The first two singles “From The Floor Boards Up” and “Come On/Let’s Go” are really good. “From The Floor...” reminds me of “Vertigo” by U2...that kind of song is this one!, 2 minutes and 27 seconds of frantic rock and roll!. When U2 released that song many people said that the band returned to their “Boy” (1980) days, well...as someone said here too, Weller returned in some way to his days with The Jam.

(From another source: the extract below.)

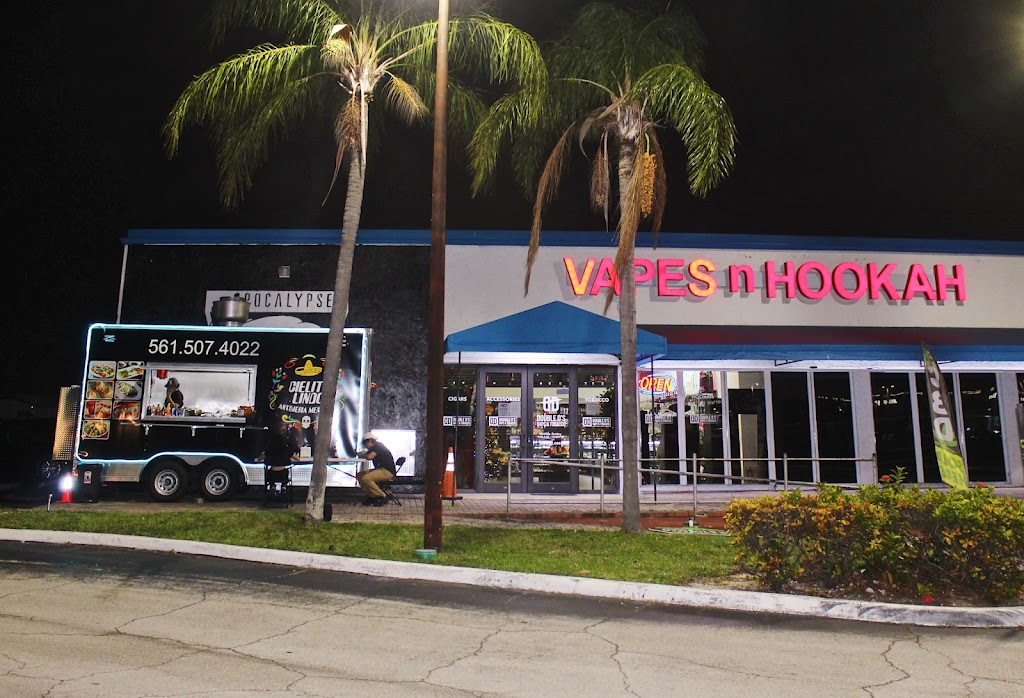 Cielito Lindo Antojeria Mexicana | restaurant | 2040 Indian Rd, West Palm Beach, FL 33409, USA | 5615074022 OR +1 561-507-4022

But since the very start the album catches you. “Blink And You’ll Miss It” opens with a classic riff by Steve Cradock (Ocean Colour Scene) who has been playing with Weller for more than 10 years and has reached his maturity as a lead guitarist. “Paper Smile” is a song that could’ve been included in “Stanley Road” (1995), very similar to the self titled song on that album. “Savages” takes some of those days too, it’s one of the highlights on “As Is Now”, as a fact, it could be a single with no doubt.
Another good song is “Here’s The Good News”. A pop song with Weller on the piano and some horns behind; the Small Faces and the Beatles influences are there. In the same line is “I Wanna Make It Alright”. “Fly Little Bird” is an acoustic track with touches of Neil Young but it could have been arranged by McCartney too.
“All On A Misty Morning” is one of my favourites from this record. It starts with an acoustic guitar, almost a spanish one and unleashes a very rhythmic song with an easy to remind chorus. “Bring Back The Funk” is the funky (Obviously!) song from the album. The whole band pays a homage to the sound developed by some artists like Nile Rodgers (Chic) in the 70’s.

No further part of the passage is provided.